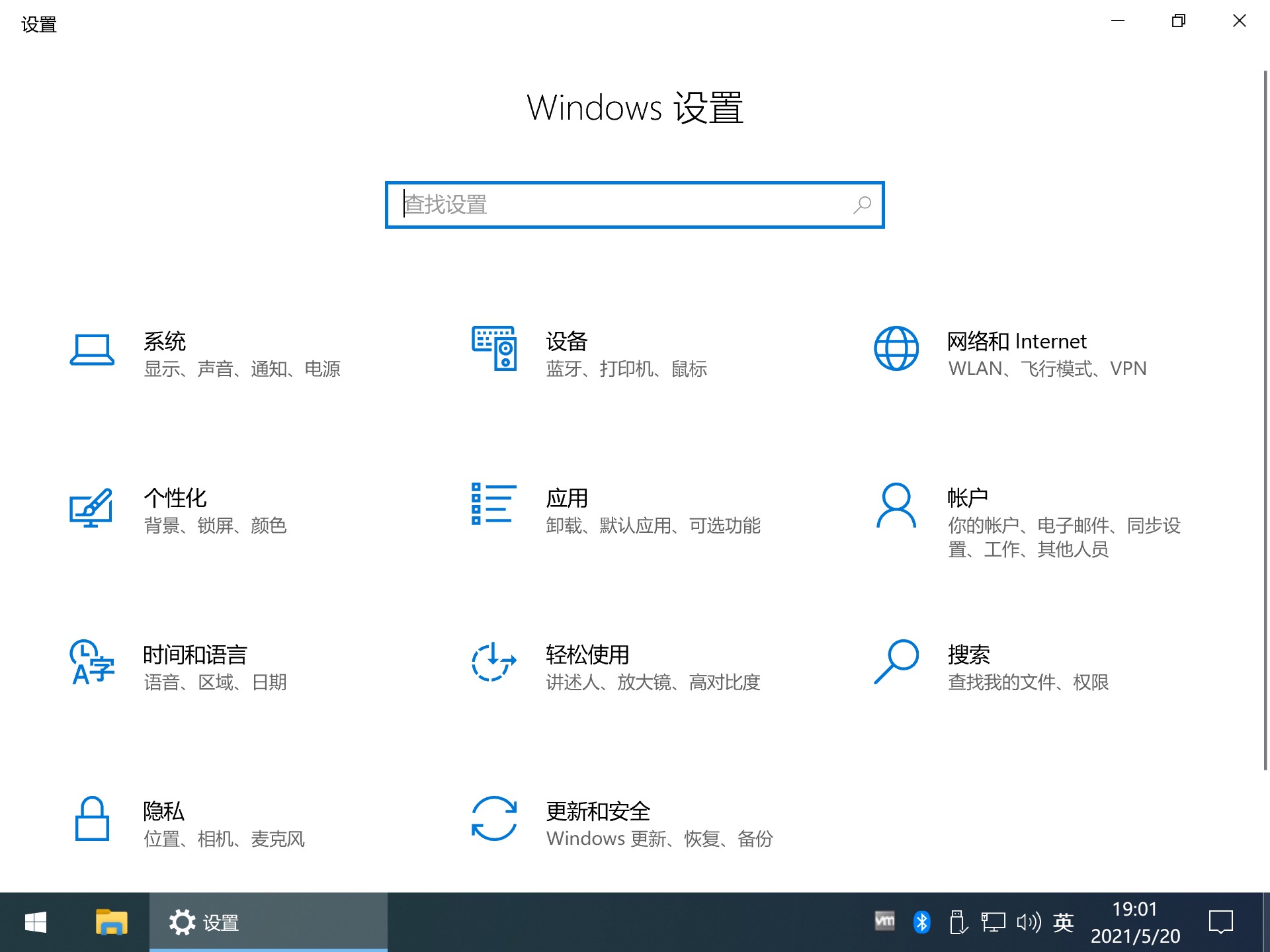 Win10 LTSC 企业版64位系统 V2021.11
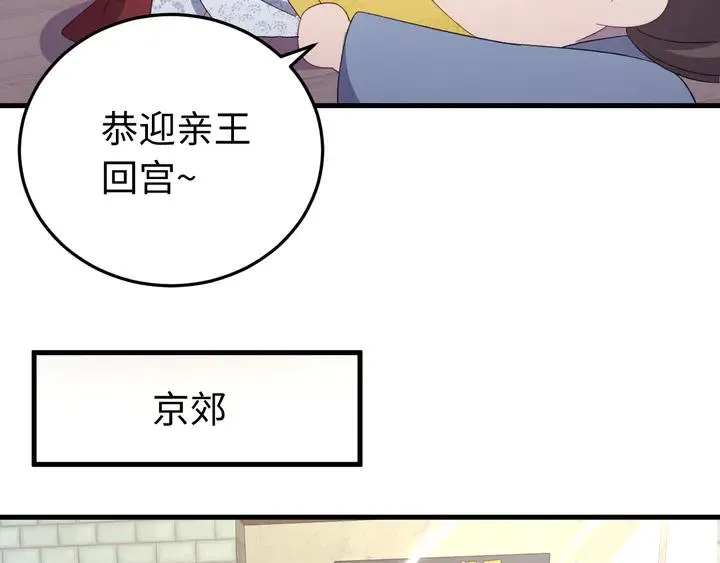 外传七 天要亡我大曜啊…… 第32页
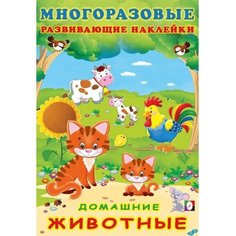 Книжка c наклейками "Домашние животные" 30605 Flamingo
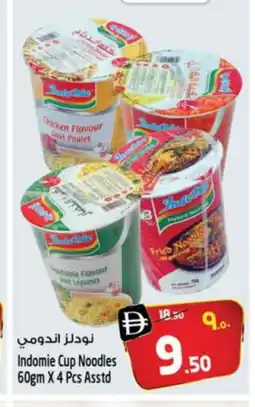 Safari Hypermarket INDOMIE Instant Cup Noodles offer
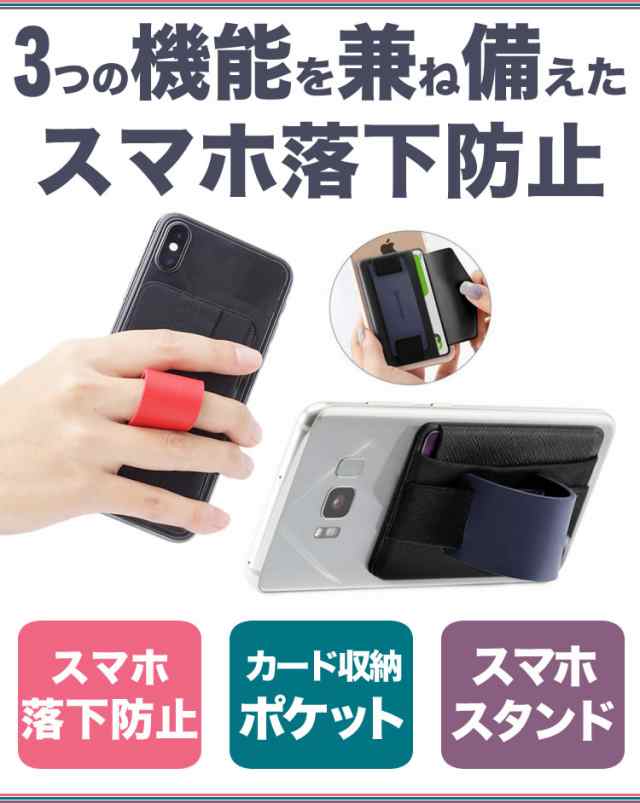 スマホ リング スタンド カード入れ 落下防止 ハンドストラップ カード入れ 背面ポケット スマートフォン カード PR-SMAPOCK【メール便  の通販はau PAY マーケット - プランドル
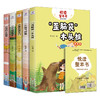 悦读整本书系列-快乐读书吧“正反书” 2年级上册 全5册 培养阅读兴趣形成阅读习惯增强阅读体验 青岛出版社 fb 商品缩略图4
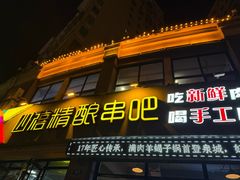 -四禧精酿铜锅涮肉·烧烤工场(大明湖店)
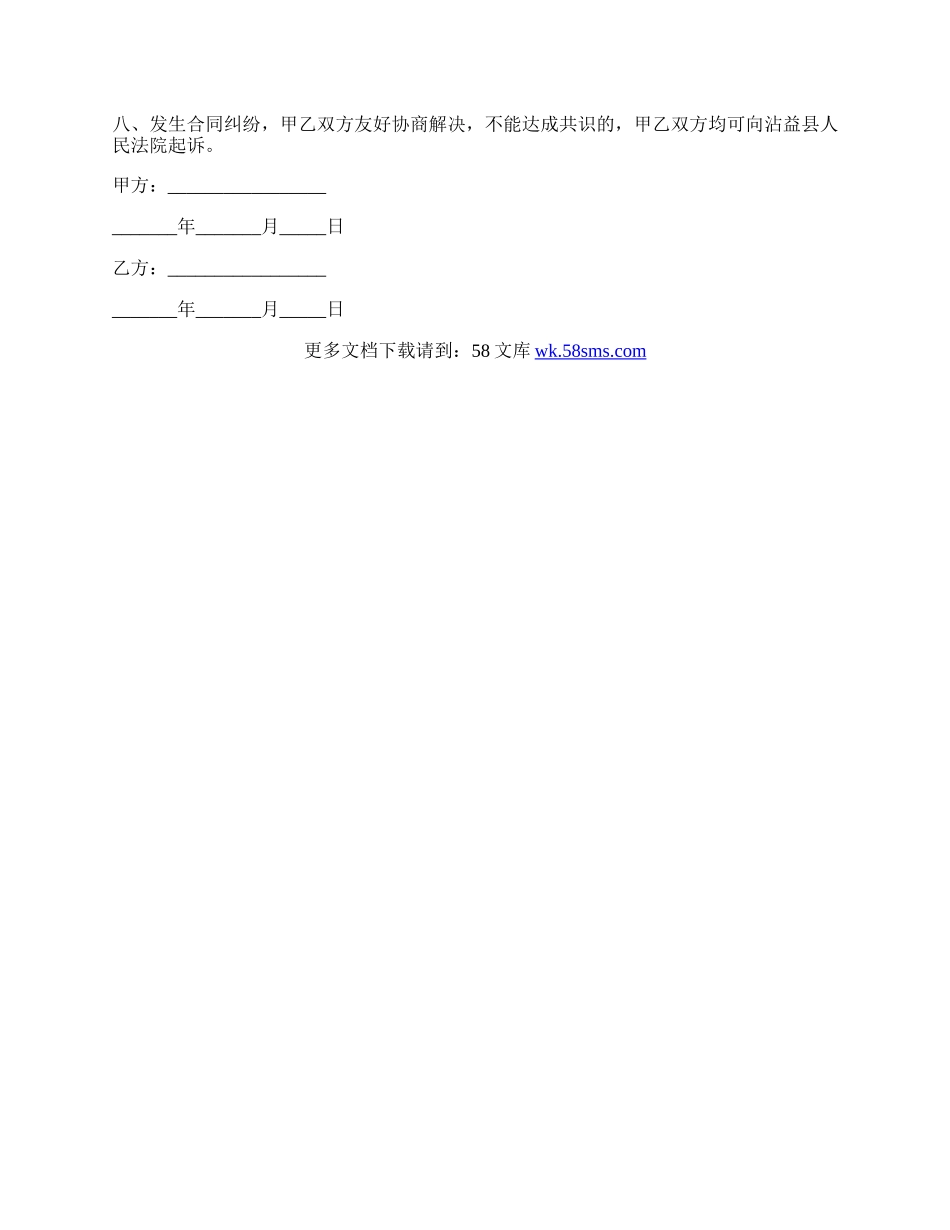 房屋建设合同的范文.docx_第2页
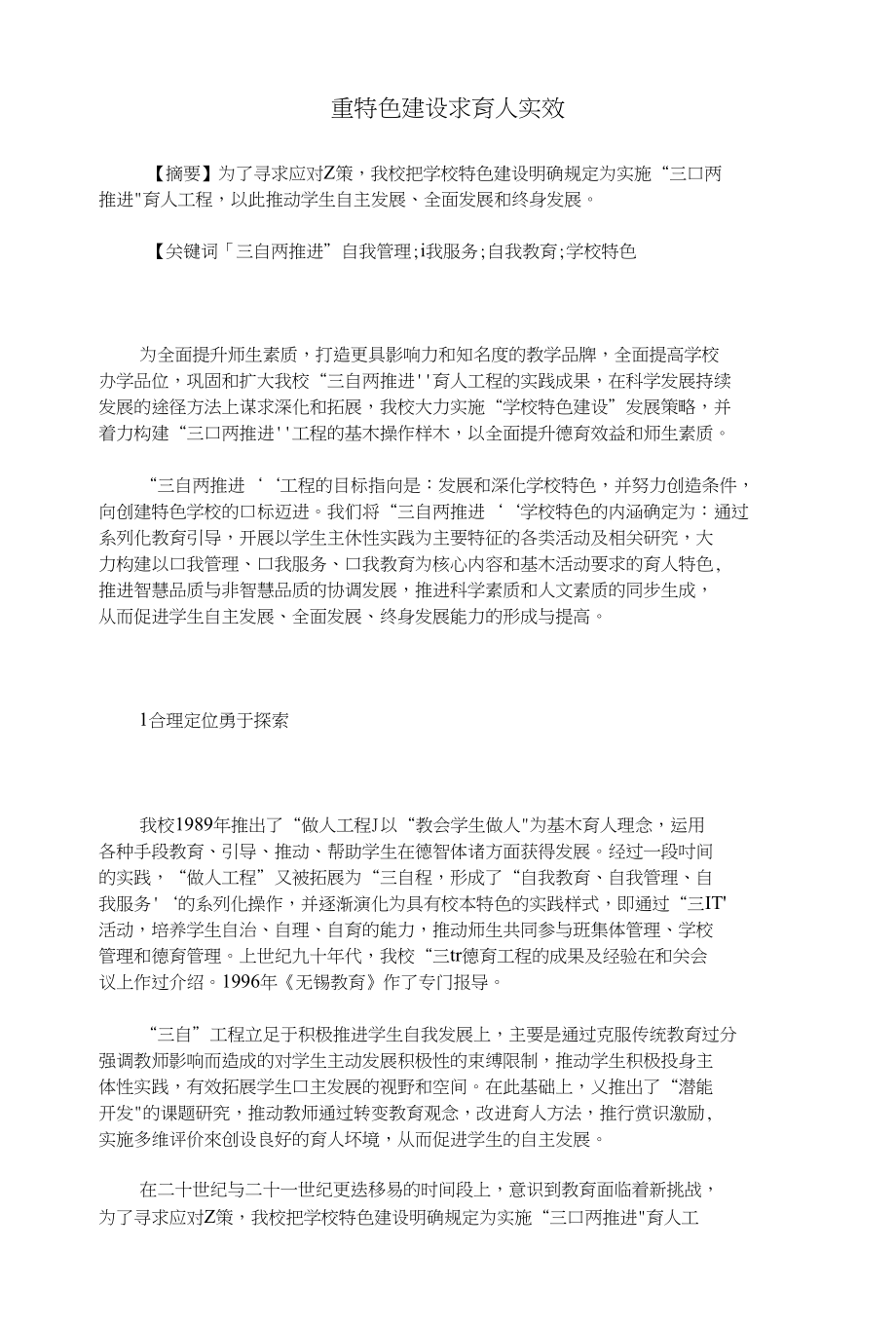 重特色建设求育人实效_第1页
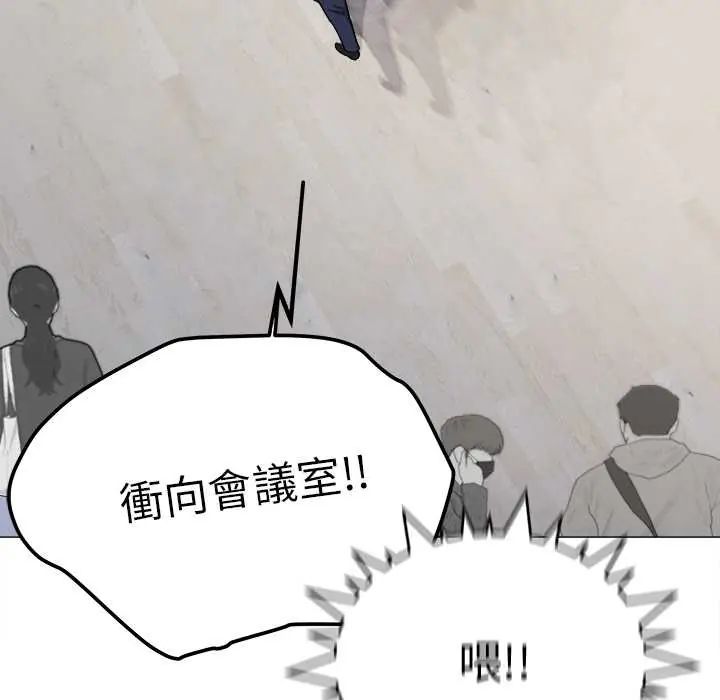 缺德邻居难相处第90話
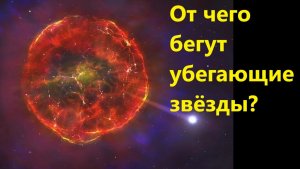 От чего бегут убегающие звёзды?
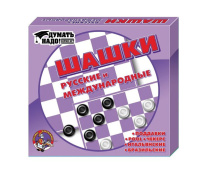 Игра 2в1 "Шашки русские и международные" пластик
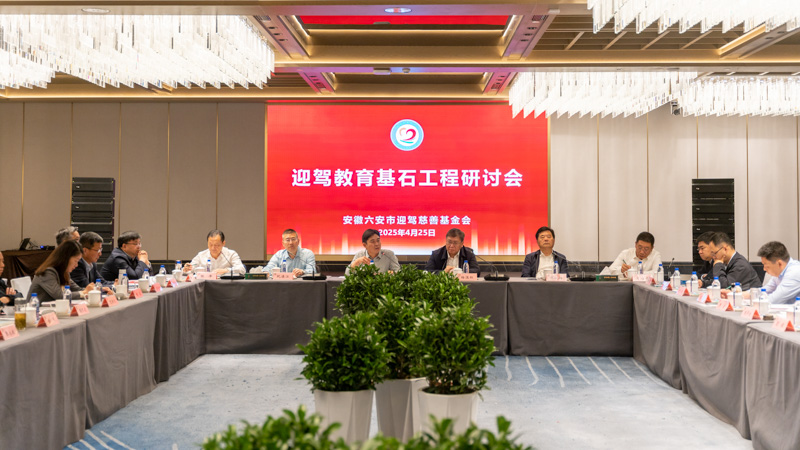 老街玉祥·(中国集团)官方网站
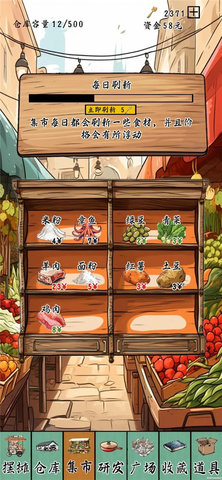 摆摊一百天 1.5.9 安卓版 2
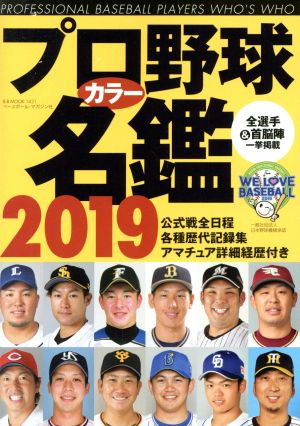 プロ野球カラー名鑑(2019) B.B.MOOK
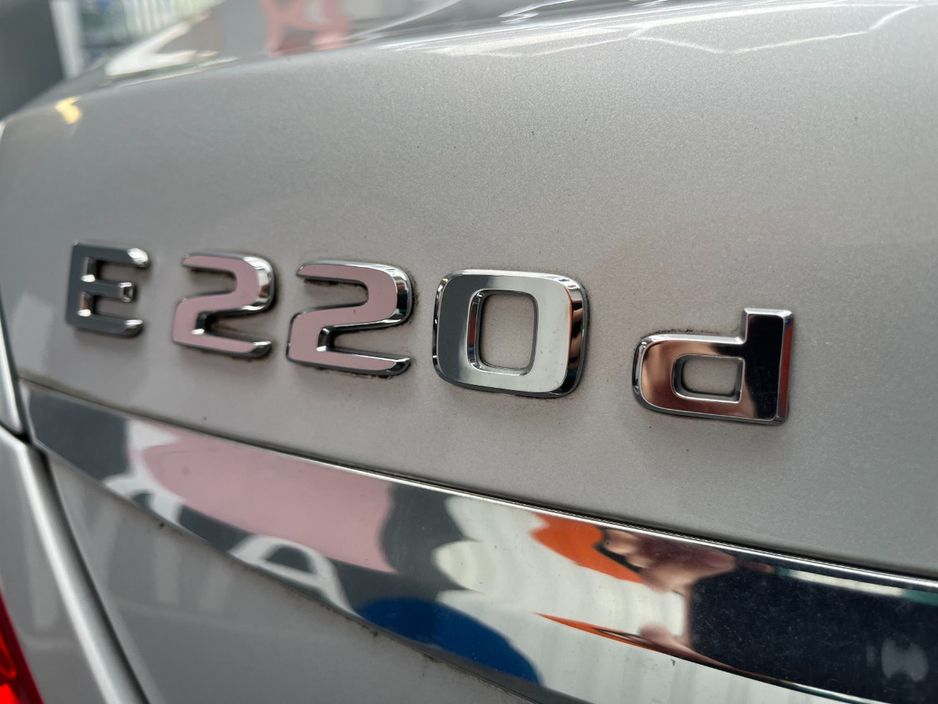 2020 Mercedes-Benz E Class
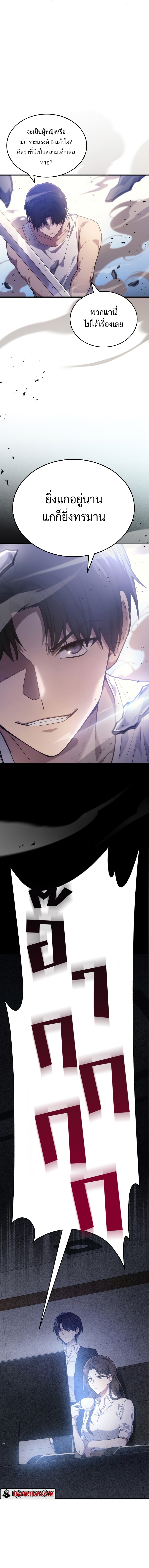 The Martial God Who Regressed Back to Level 2 ตอนที่ 4 — หน้า 21 จาก 24
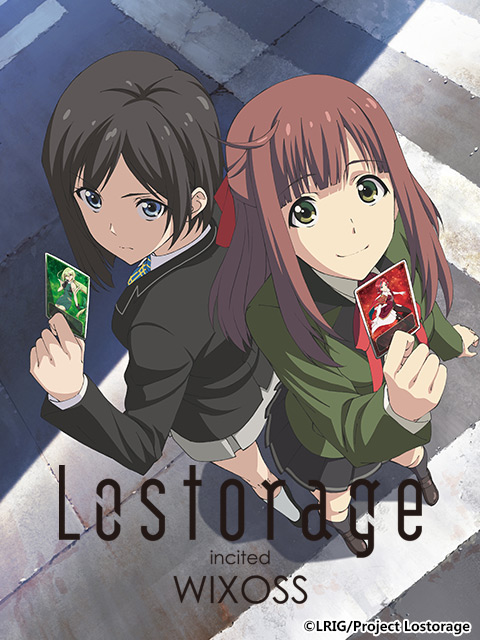 Lostorage incited WIXOSS}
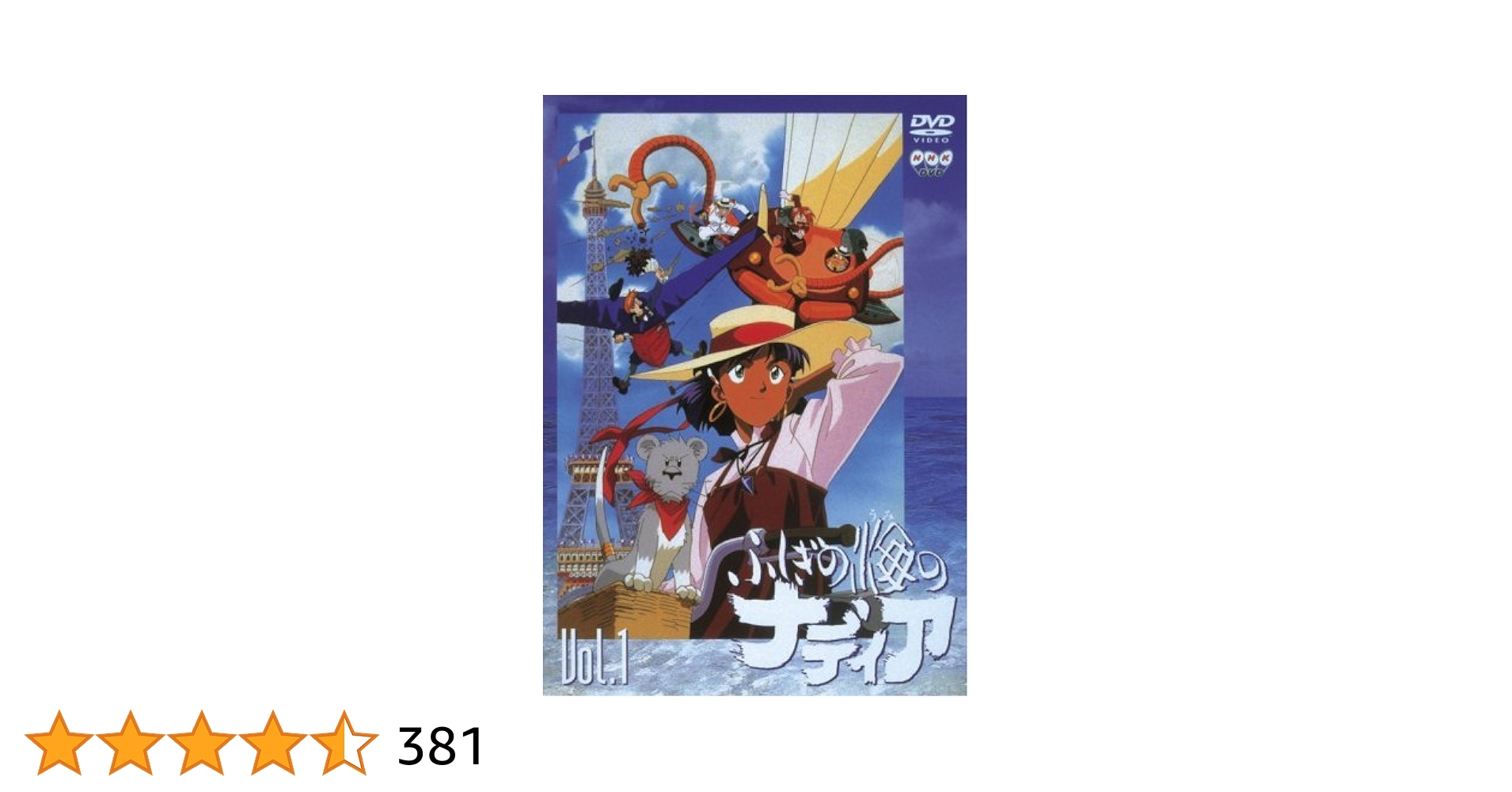 LD ふしぎの海のナディア1-10巻　コンプリートセット　1990年 Amazon.co.jp: ふしぎの海のナディア 全10巻セット [レンタル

(Exercise goal) Please restate exactly the lines from the one containing "2020 Mercedes-Benz E Class" down to the end of the material, both ends kept, and do not include the pictures.

(Solution below)
 2020 Mercedes-Benz E Class
 The Martial God Who Regressed Back to Level 2 ตอนที่ 4 — หน้า 21 จาก 24
 Lostorage incited WIXOSS}
 LD ふしぎの海のナディア1-10巻　コンプリートセット　1990年 Amazon.co.jp: ふしぎの海のナディア 全10巻セット [レンタル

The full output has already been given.